By Thunderbird student Jacquelyn Hunter
When people hear on the news that microfinance institutions charge 25 percent, 30 percent or even 80 percent interest on loans, they often are outraged. How can these organizations get away with charging the poor these high rates, and why does no one regulate the industry? And most of all, why are the poor paying these exorbitant rates?
One of the biggest surprises to me during my three-week trip to India to study the microfinance industry is the fact that the interest rate on a microfinance loan is basically a nonissue for the poor. When a poor person takes a loan from a microfinance institution, the interest rate is not the No. 1 or even a top 5 concern. Since the loan repayment cycle is so short, sometimes only 30 weeks, the interest rate does not have as much of an impact compared to a loan, for example, that is repaid over 20 years.
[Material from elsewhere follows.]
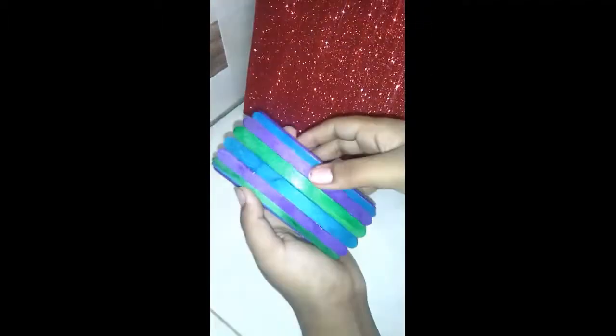Then you need to keep on cutting the sticks until you don't see the tube and cream. So it needs to look like this.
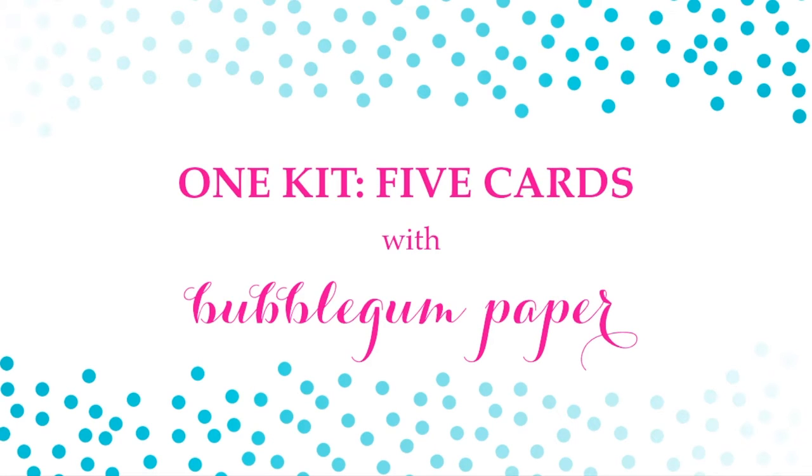Hi everyone, it's Christina with Bubblegum Paper and I am back with card number three of my one kit, five card series. If you guys haven't seen the first two videos, I'm going to link to the playlist here so you can go watch those and then come back to this one.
Also, the interest rate is a simple interest rate, so the impact on payments is not as dramatic as it would be on loans with compounding interest rates.
The borrowers are more concerned about getting enough capital to make a difference in their business, the repayment schedule (monthly vs. weekly), and the time commitment of the weekly repayment meetings. When compared to the interest rates charged by village moneylenders (100 percent, 200 percent or even 1,000 percent), the rates, the non-coercive nature, and the insurance benefits of the microfinance institutions seem even more reasonable.
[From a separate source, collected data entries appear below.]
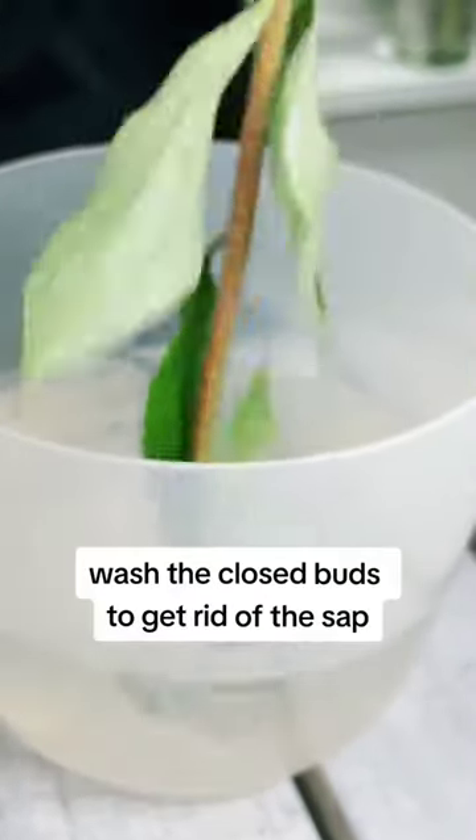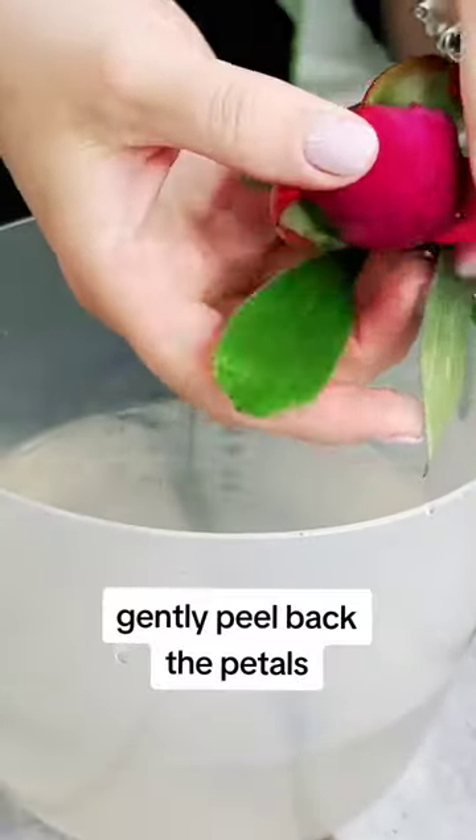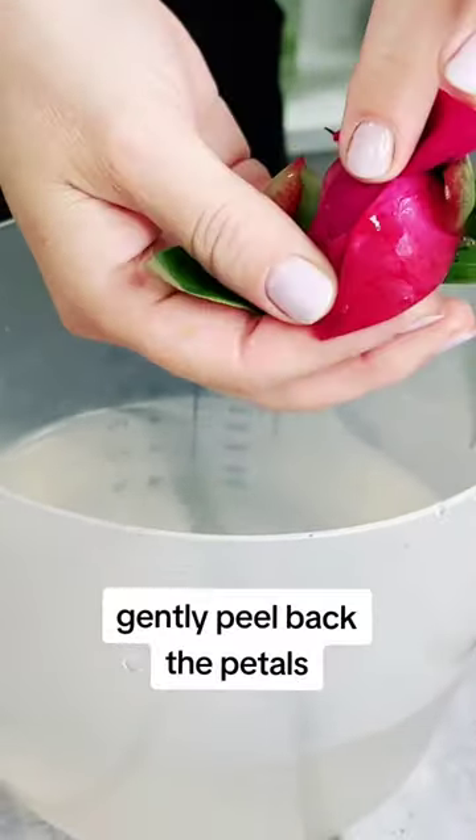A tip to get rid of that and encourage them to open is to get some nice warm water. You can put a little bit of soap in it, put it upside down, shake it around a little, and then you should be able to encourage it to open.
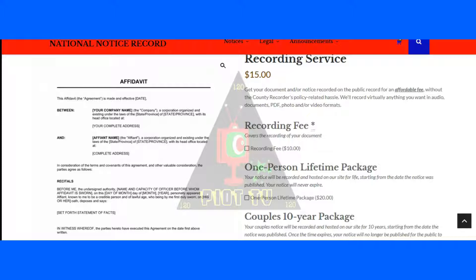What we want to do is specifically for you Moors who have procured nationality cards from Morris Nationality Card Services — who may have your nationality documents but haven't been able to get them recorded — we want to offer you a special offer: we will record your nationality documents on the record at NationalNoticeRecord.com.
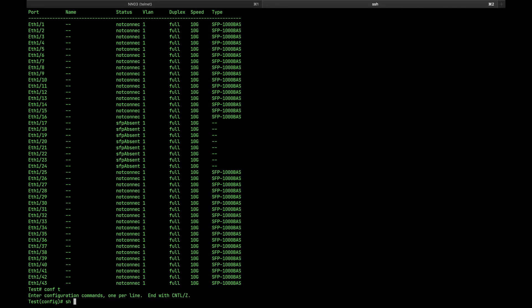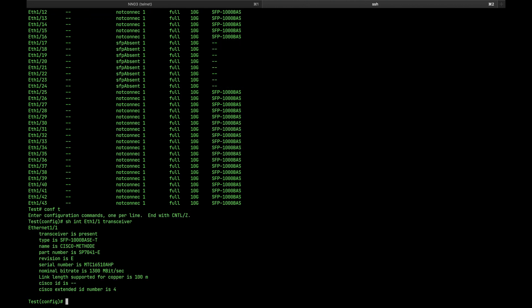This is a little bit annoying. What you can do to actually verify whether the switch reads the interface, the SFP and all that, is to run the command 'show interface Ethernet 1.1 transceiver' — and you can see I got the correct SFP.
Currently in India, microfinance institutions face the threat of intense regulation from the government. Up until now, the government has mostly stayed out of regulating the microfinance industry. But presently with increasing issues with multiple lending, suicide, and reports of exploitation, the government is determined to step in and regulate the industry.
Some industry experts say the government is only getting involved to win votes, but regardless of the motive, the government has the power to dramatically reshape the entire industry of microfinance in India. The first step has been to cap the interest rate at 24 percent. Although this law is not strictly enforced yet, it shows how much the government in India does not understand the microfinance industry.
Microfinance institutions serve a unique client base that does not have access to traditional banking services. The reason why these clients do not have access is because they live in remote villages that are expensive to reach and previously thought not to have the resources or collateral necessary for traditional banking. From my experience visiting rural clients for microfinance institutions in India, it can take several hours of travel in order to reach these clients. With weekly collection meetings, loan officers are constantly traveling from village to village, spending increasingly high amounts of money on fuel and vehicle maintenance from tough village roads, to collect only hundreds of dollars each day. The cost per transaction is high because despite the high volume of transactions each day, the amounts collected are minimal compared to traditional banks.
The reason why the interest rates are so high is because microfinance institutions borrow from banks with interest rates that range from 12 percent to 15 percent, then spend about 10 percent on high costs, 5 percent to protect against high risk of default, 2 percent to 5 percent for supplemental support products such as insurance, and 5 percent to 10 percent for returns for investors.
Most microfinance institutions in India need to use private equity to raise capital because they are not allowed to collect savings, like traditional banks, as a way to fund loans; therefore, the microfinance institutions have a duty to provide their investors with an adequate return on investment. Capping interest rates at 24 percent could destroy the microfinance industry in India.
Some microfinance institutions have taken advantage of the scale of their large operations and could survive at a rate of 24 percent, but most institutions, especially those that serve the poorest of the poor and focus on social impact, could not survive. The industry does need some regulation to protect the clients from institutions that drift from their original social mission. But capping the interest rate will put the industry into crisis, or at least cut services to those that need it most — the clients in remote villages that are the most expensive to access.
Students contributing to this blog are participating in Professor Melissa Samuelson’s Winterim course on MicroFinance in India through Thunderbird, School of Global Management. Professor Samuelson is on the faculty at the Walker Center for Global Entrepreneurship. Winterim courses are a two week intensives held worldwide and are open to full time MBA students at Thunderbird.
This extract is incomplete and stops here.